Prime Minister Malcolm Turnbull on 16 May unveiled Australia’s first Naval Shipbuilding Plan, outlining the nation’s largest ever programme of naval shipbuilding and sustainment.

The plan includes a $1.3bn injection of funds to modernise construction shipyards in South Australia and Western Australia in order to build the Navy’s next generation of naval vessels. The Federal Government is investing around $90bn in the rolling acquisition of new submarines and the continuous build of major ships such as future frigates, as well as minor naval vessels. The Plan will ensure delivery of these modern defence capabilities set out in the 2016 Defence White Paper, creating thousands of jobs and securing the naval shipbuilding and sustainment industry for future generations of Australians.

Work will commence this year on the development of infrastructure at the Osborne Naval Shipyard in South Australia. The Henderson Maritime Precinct in WA will also be upgraded. This will encompass construction of new cranes and heavy lift transportation capability, welding stations and upgrades to workshops and storage facilities including new steel framed sheds.

The naval shipbuilding workforce is expected to grow to around 5,200 workers by the mid to late 2020s, with more than double this number of workers in sustainment activities and throughout supply chains across Australia.

The Ai Group welcomed the announcement, saying it would end the boom-bust cycle of recent decades in naval shipbuilding, which has seen hundreds of job losses and local shipyards become increasingly redundant.

“A key to the success of the continuous shipbuilding program will be establishment by prime contractors of strong supply chains of Australian SMEs,” said Innes Willox, Ai Group Chief Executive. “This is especially critical for the new submarine program. Lead contractor DCNS needs to engage fully with local industry to ensure that it can meet the Federal Government’s caste-iron commitment to construction of 12 new submarines at Osborne.”

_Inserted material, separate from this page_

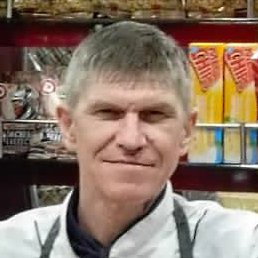 ����, �����-���������, 52 ����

However, the Australian Manufacturing Workers Union (AMWU) warned that urgent action was required to secure existing expertise and prevent the loss of 500 skilled jobs in South Australia before construction starts next year.

“The Government talks often about working to maximize Australian industry and content,” said AMWU Assistant National Secretary Glenn Thompson. “We need mandated Australian industry participation and content written into all build contracts. Around 500 existing jobs are at risk before major building operations commence next year. If we lose this expertise we really will be starting these projects from a long way behind, in terms of using the projects to enhance domestic shipbuilding capability and expertise.”